» **AIM OF THE EXERCISE**:
Every record below is to be restated verbatim, though its images are not.

------------------------------------

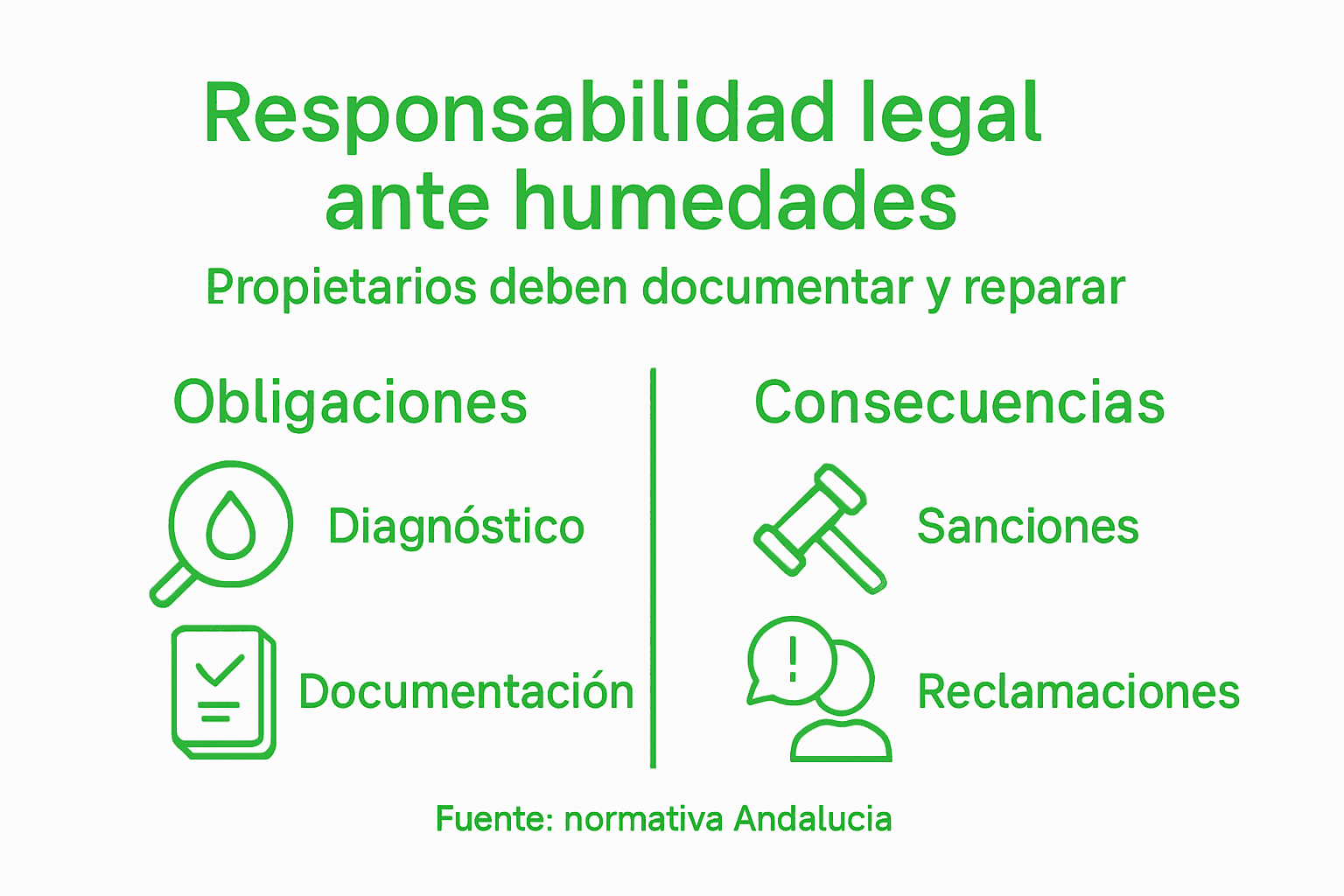 Infografía: responsabilidades y consecuencias legales ante problemas de humedades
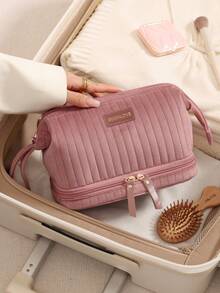 1 st Liss Velvet personlig dubbelskiktad sminkväska, mjuk quiltad multifunktionell handväska sminkväska och necessär, dragkedja, bärbar, moderiktig exklusiv sminkväska, högkvalitativt tyg och dragkedja, lämplig som brudtärnepresent, bröllopspresent, rese-necessär, sminkväska, födelsedagspresent, mors dag-present, affärsresearrangör, skolstart och daglig användning - Multifärgad - Visa 12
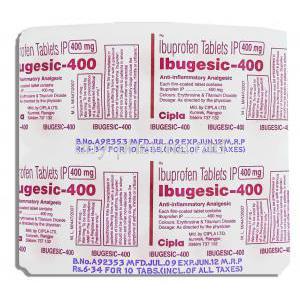 Ibugesic, Generic Motrin,  Ibuprofen 400 Mg Tablet (Okasa Pvt)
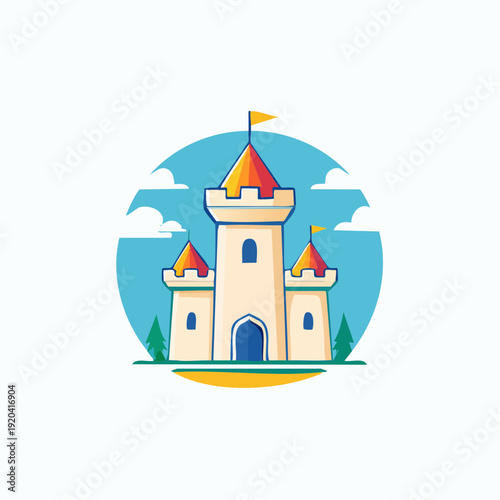 Cartoon castle with flags on towers and trees on a sunny day with clouds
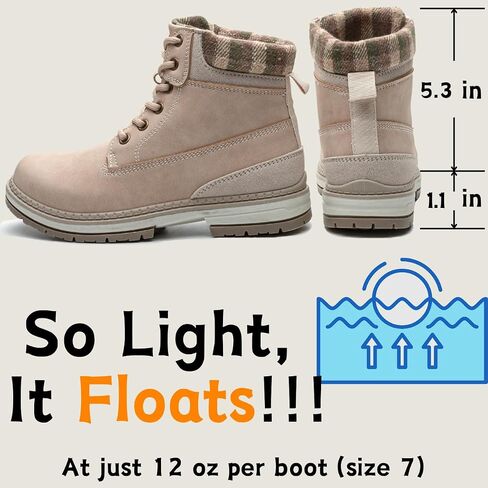 Womens Hiking Snow Winter Boots - Outdoor Waterproof Lightweight Ankle Boot Dark Brown 8 in Saudi Arabia
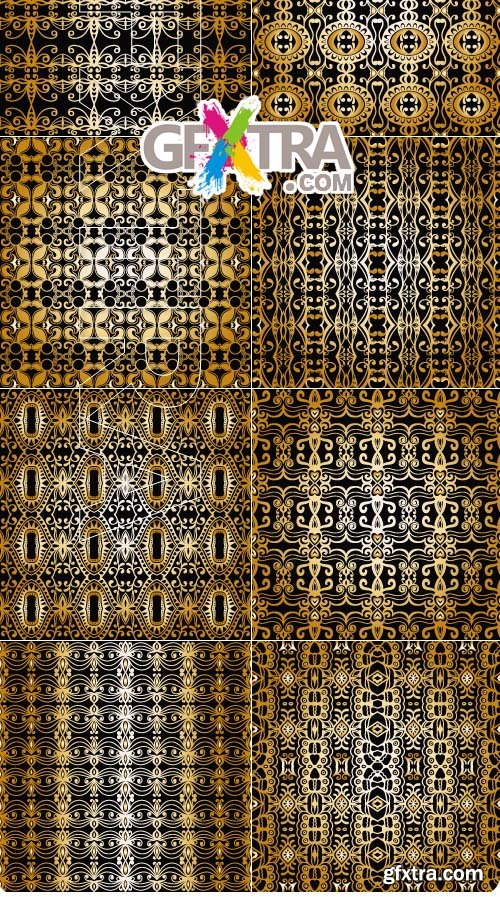 Seamless gold pattern backgrounds vector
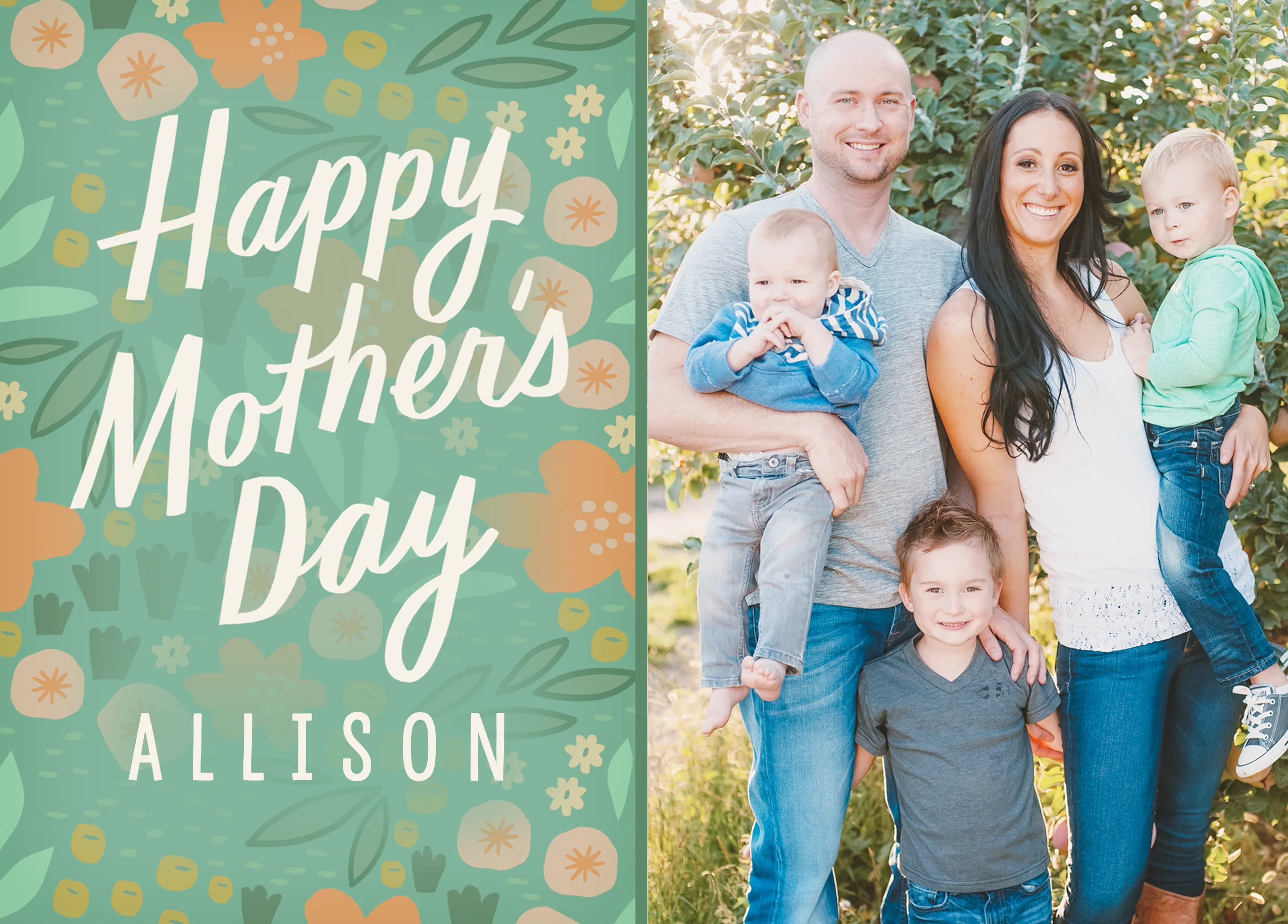 Personalised Green Florals Photo Upload Mother's Day Card
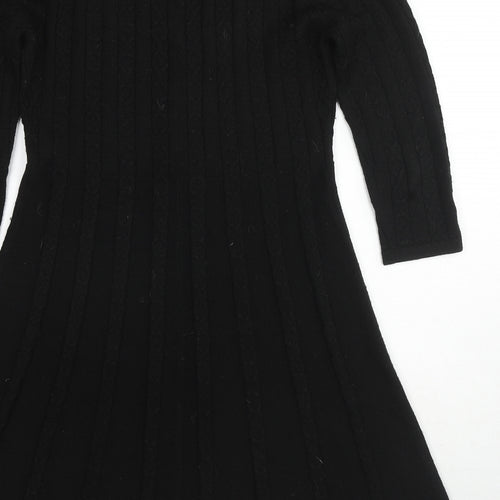 Monsoon Womens Black V-Neck Acrylic Cardigan Jumper Size 10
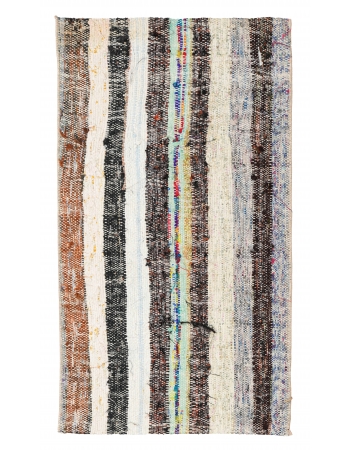 Striped Vintage Mini Kilim Rug - 1`8″ x 3`0″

------------------------------------

» **RESPONSE AREA**:
 Infografía: responsabilidades y consecuencias legales ante problemas de humedades
 1 st Liss Velvet personlig dubbelskiktad sminkväska, mjuk quiltad multifunktionell handväska sminkväska och necessär, dragkedja, bärbar, moderiktig exklusiv sminkväska, högkvalitativt tyg och dragkedja, lämplig som brudtärnepresent, bröllopspresent, rese-necessär, sminkväska, födelsedagspresent, mors dag-present, affärsresearrangör, skolstart och daglig användning - Multifärgad - Visa 12
 Ibugesic, Generic Motrin,  Ibuprofen 400 Mg Tablet (Okasa Pvt)
 Cartoon castle with flags on towers and trees on a sunny day with clouds
 Womens Hiking Snow Winter Boots - Outdoor Waterproof Lightweight Ankle Boot Dark Brown 8 in Saudi Arabia
 Seamless gold pattern backgrounds vector
 Personalised Green Florals Photo Upload Mother's Day Card
 Monsoon Womens Black V-Neck Acrylic Cardigan Jumper Size 10
 Striped Vintage Mini Kilim Rug - 1`8″ x 3`0″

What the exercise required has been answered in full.